Industrial Opportunities for Startups - late
https://combientfoundry.com
======
late
Thanks for the comments and questions.

Our thinking follows, what we call a ‘venture client’ approach, through which
startups get a valuable asset, a globally operating reference customer,
without a hassle. For instance, we use an expedited procurement process and
leaner legal approach in POs. The industrial companies, on the other hand, get
to apply new technologies and talent quicker in building new services,
solutions and products that can add value to their customers or other
stakeholders.

Venture Client approach also means, that when announce a business opportunity,
we also make sure there’s significant need from the company, budget to make
purchase order (revenue for the startup) and team in place to act fast given
there’s a solid applicable solution. Venture Client also means that the
industrial company understands there’s associated risk in building something
new with startups - but also major upsides in time-to-value if done
succesfully.

So far our approach has been warmly welcomed by startups and investors. We aim
to keep it simple, fast and fair. We have plenty of references which we are
adding to our website, some you can already access on our site.

Needless to say, this might not be of interest to all entrepreneurs or
startups but there might be plenty of those who could benefit from the
approach.

------
JoeAltmaier
I don't trust industrial companies to seriously engage in technology.
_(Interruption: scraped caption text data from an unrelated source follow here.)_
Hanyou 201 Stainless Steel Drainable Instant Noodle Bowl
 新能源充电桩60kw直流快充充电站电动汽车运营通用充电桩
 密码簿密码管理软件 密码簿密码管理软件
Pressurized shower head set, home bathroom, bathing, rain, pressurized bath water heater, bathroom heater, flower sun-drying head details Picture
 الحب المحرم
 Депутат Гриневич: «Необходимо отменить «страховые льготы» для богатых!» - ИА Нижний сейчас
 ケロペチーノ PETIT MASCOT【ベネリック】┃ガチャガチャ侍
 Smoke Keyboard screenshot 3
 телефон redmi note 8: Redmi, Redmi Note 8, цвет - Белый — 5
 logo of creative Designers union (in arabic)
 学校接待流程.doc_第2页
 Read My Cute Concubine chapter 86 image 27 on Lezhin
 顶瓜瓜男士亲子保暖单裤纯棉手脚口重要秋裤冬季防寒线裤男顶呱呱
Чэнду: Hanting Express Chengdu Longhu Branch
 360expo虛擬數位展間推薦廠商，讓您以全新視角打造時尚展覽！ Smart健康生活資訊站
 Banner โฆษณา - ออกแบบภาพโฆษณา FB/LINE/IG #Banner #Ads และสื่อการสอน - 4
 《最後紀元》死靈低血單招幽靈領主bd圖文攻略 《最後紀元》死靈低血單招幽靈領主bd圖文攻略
Too many
times I've seen a big industrial company buy a startup, just to kill it for
big-company reasons. Like, it competes with a cash cow and somebody inside
doesn't like that. Or development costs more than another iron shim or
whatever they make normally and it looks marginally worse on the books. Or
they just don't know how to manage it. Or they don't adopt what they've bought
because their processes are ponderous and ossified.

I thought the best bet was to compete with them externally, so they'd have to
take notice and react either by buying your solution or hiring you or
something. But instead, anecdotally, a big company had a private meeting with
the owners of our innovative small company and made a deal to offer some of
our products in their showroom. After that all our development projects dried
up mysteriously (the next Friday everybody was let go).

So no, I'm not going to invest any (more) of my life's worktime on helping old
industrial companies figure it out.

------
mettamage
This is the first time that I'm ever asking this: how is this interesting?

I don't see this article as educational. I fail to see how this is
interesting, because I can't understand through their business speak what they
mean. Is it a consortium of some sort? They are connecting startups to
industrial leaders, okay which ones, in which country? I presume the US (edit:
I just saw now that they're from Finland). What does it mean to be an
industrial leader? They list 5 companies that I have never heard of, which in
itself is fine but combined with the other things gives me even more questions
in my mind.

Can anyone tell me what's appealing about this article? I'm missing it.
Normally when I see an article, I may or may not like it but I succeed to see
how it's interesting to other HN'ers, with this article I have no clue.

I mean this in the most constructive way possible and would really appreciate
someone 'on the other side' to see how this is interesting.